- **Task directions**
Among the entries below, which lines run from the line with "There are two" through the line with "This video reviews"? Retype those, both ends included, exactly and without pictures.

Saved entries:
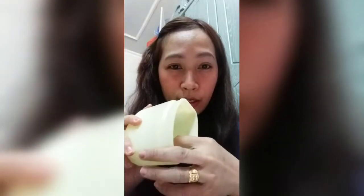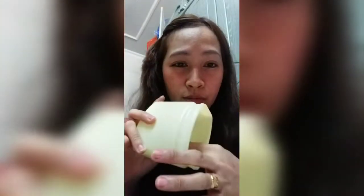Bago ako maglagay ng lipstick, lalagyan ko muna sya ng petroleum jelly yung aking lips. Punta lang. Tapos yung aking mukha, lagyan ko din sya ng konting amount.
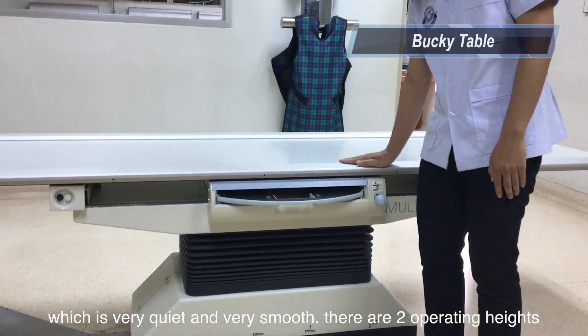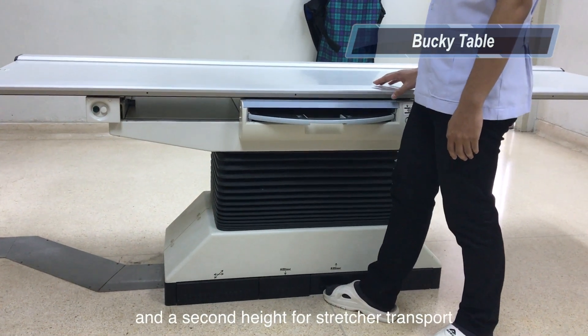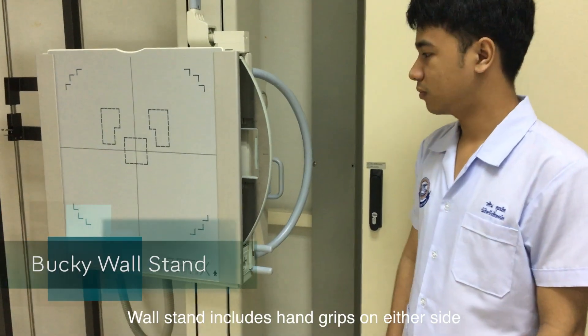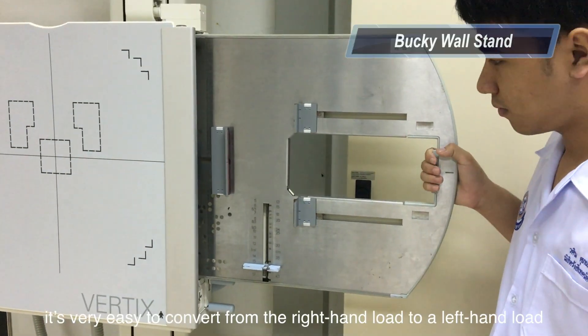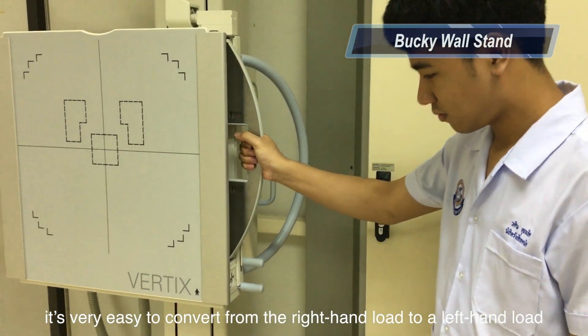There are two elevation heights. The first height is for standard elevation, and the second height is for stretcher transport. There are hand grips on either side and a lock release on either side. It's very easy to convert from right-hand load to left-hand load.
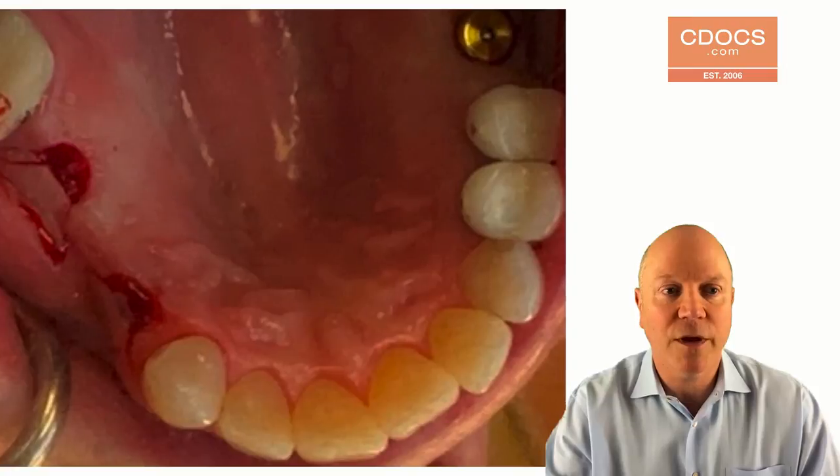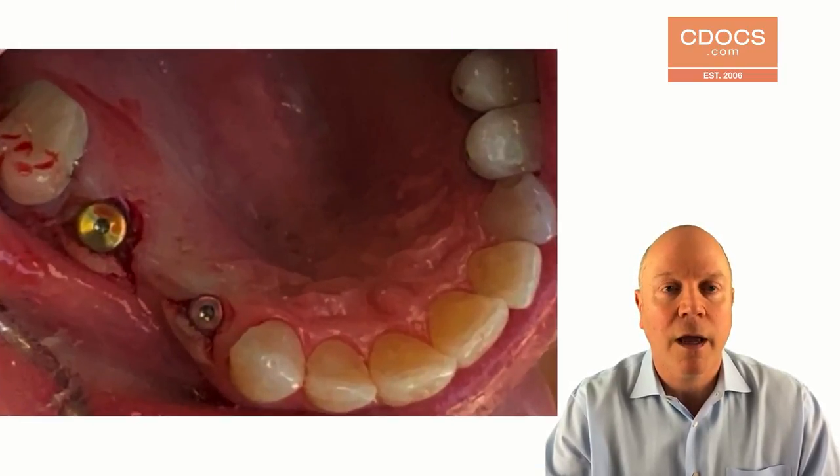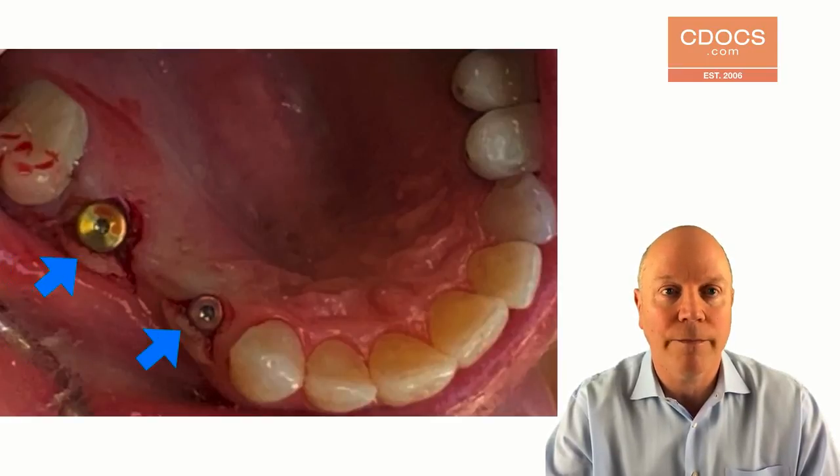Now you can see the flap's fully done, and I've taken the tissue punch and really cleaned up on the palatal there so it'll fit really nicely when I put the healing cuffs in. With the healing cuffs in place, look how much great thick keratinized tissue I have on the buccal. All really simple, very cleanly done, just because I used that surgical guide.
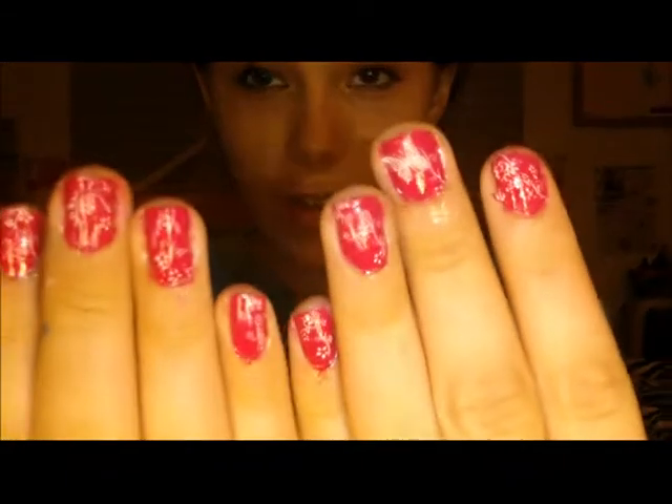They have a bunch of different designs — I'm pretty sure in this set I have like over 35 different designs. And what's really cool is that you can use your own nail polish. I think theirs works better, but you can use whatever nail polish you want and make so many different designs. I really, really love how these turned out.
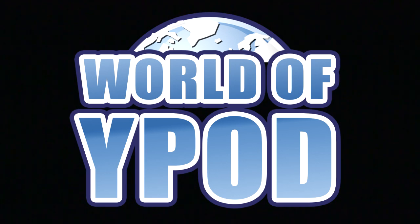Welcome to another World of Ypod review. I do not talk like this. I will not feature in this video. Instead I will just hold the camcorder and talk. I hope this doesn't upset or offend you.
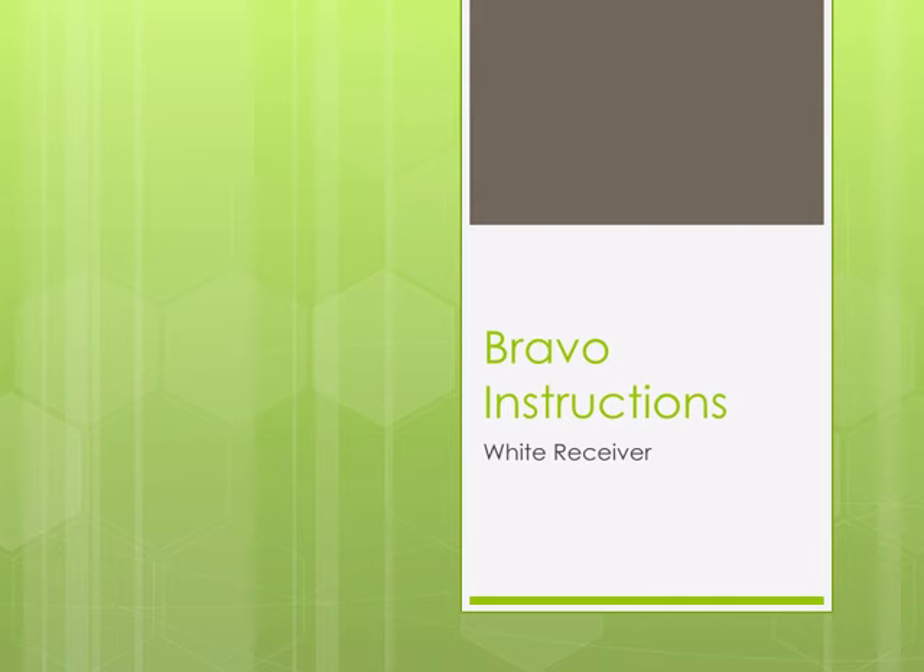This video reviews the instructions for the Bravo test. You will also be given written instructions to refer to.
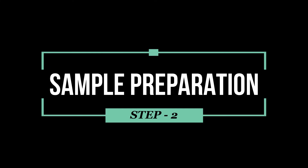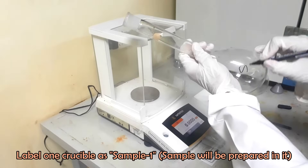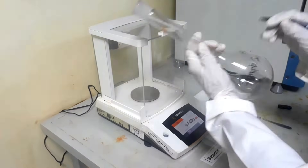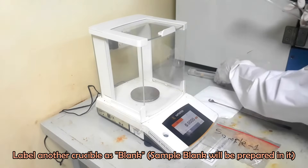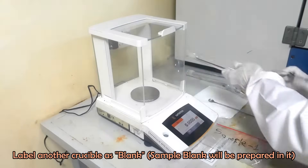In the sample preparation step, we will digest our sample by heating with acids. Take two properly cleaned and dried flasks. Label one flask with the sample ID — we will prepare the sample in it. Label another flask as blank.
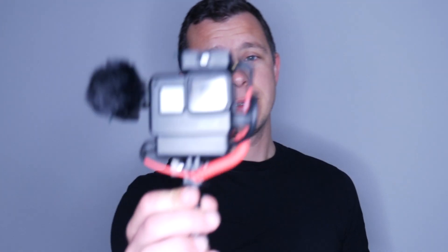In this video I think I may have come up with one of the best vlogging setups for your GoPro Hero 7 Black, and especially when it comes to audio. So today let me show you how we did this.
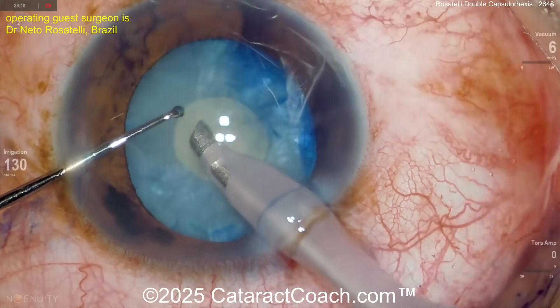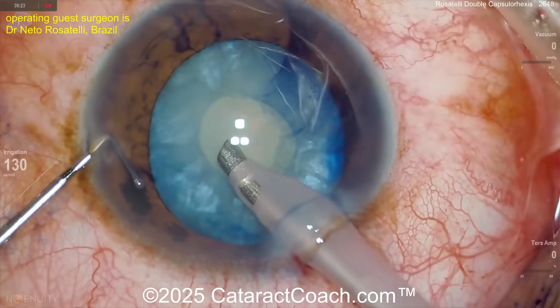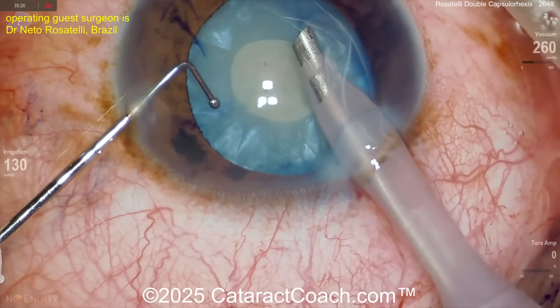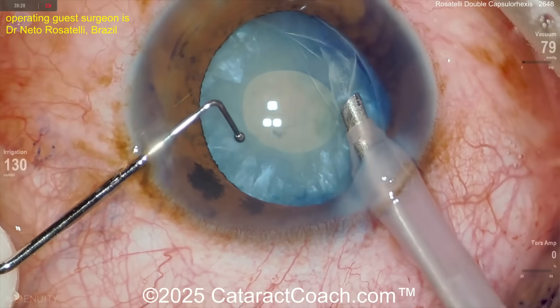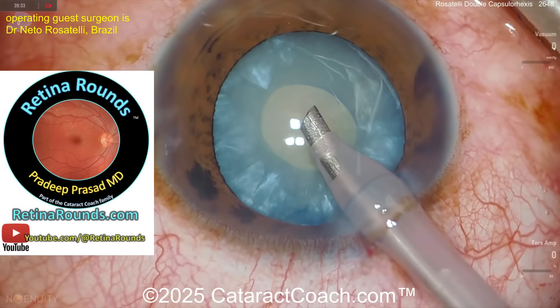Now once you've done that, you can enlarge the rhexis. Again rotating this lens and then getting that milk out again, tapping on it, tilting it side to side to make sure you get out the liquefied lens cortex that's behind the nucleus too.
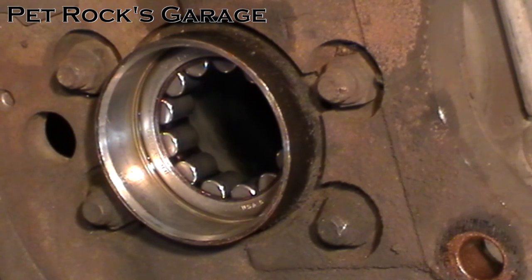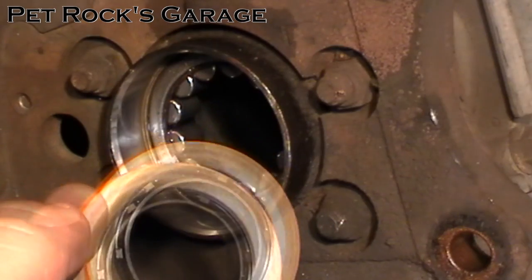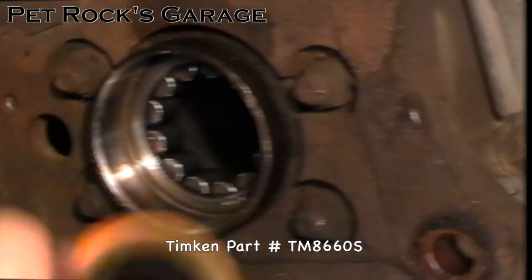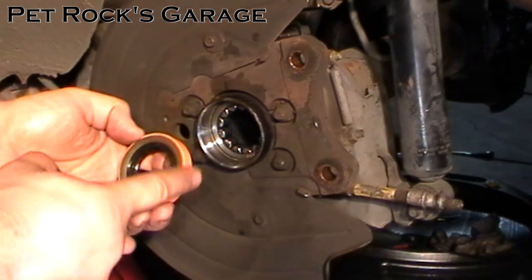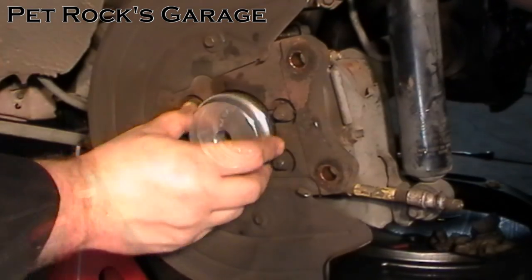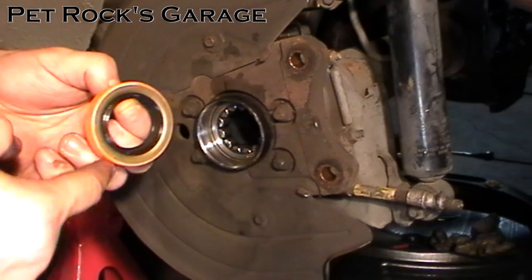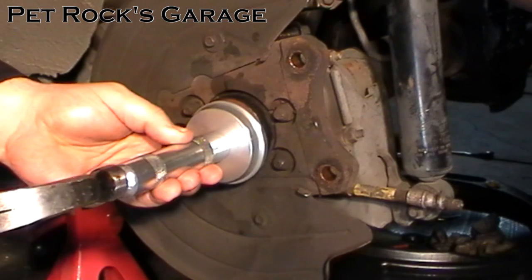You'll also be able to hear a difference in the tapping noise once it's solidly in place. Next, get your new seal — also made by Timken, part number TM8660S. Unlike the stock one, it doesn't have an outer lip, so you don't want to drive it in too far. Find one of the driver plates that's bigger than the hole. Like the bearing, pre-lube the outer edge of the seal, then start it a little bit, take your driver, and tap it into place.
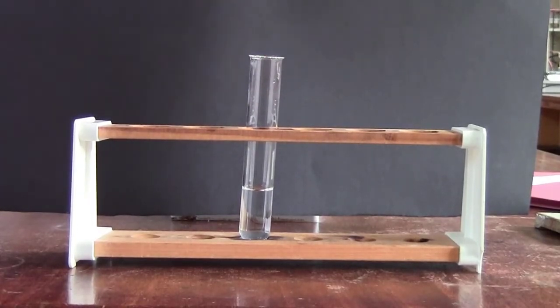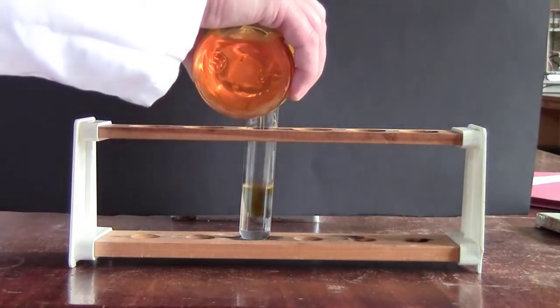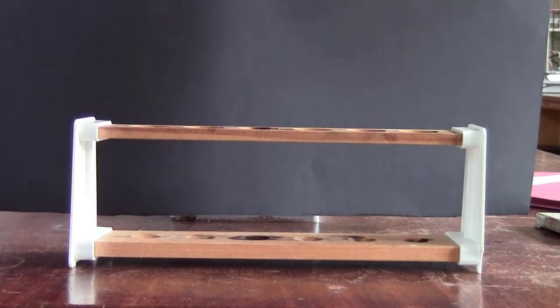This is a solution of sodium iodide. Again, it's a colourless solution. This time we're going to look at the reaction with bromine. If we add some bromine water to it, we can see that it goes a bit of a reddish colour.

- **Finished exercise**
There are two elevation heights. The first height is for standard elevation, and the second height is for stretcher transport. There are hand grips on either side and a lock release on either side. It's very easy to convert from right-hand load to left-hand load.
Now you can see the flap's fully done, and I've taken the tissue punch and really cleaned up on the palatal there so it'll fit really nicely when I put the healing cuffs in. With the healing cuffs in place, look how much great thick keratinized tissue I have on the buccal. All really simple, very cleanly done, just because I used that surgical guide.
They have a bunch of different designs — I'm pretty sure in this set I have like over 35 different designs. And what's really cool is that you can use your own nail polish. I think theirs works better, but you can use whatever nail polish you want and make so many different designs. I really, really love how these turned out.
Welcome to another World of Ypod review. I do not talk like this. I will not feature in this video. Instead I will just hold the camcorder and talk. I hope this doesn't upset or offend you.
This video reviews the instructions for the Bravo test. You will also be given written instructions to refer to.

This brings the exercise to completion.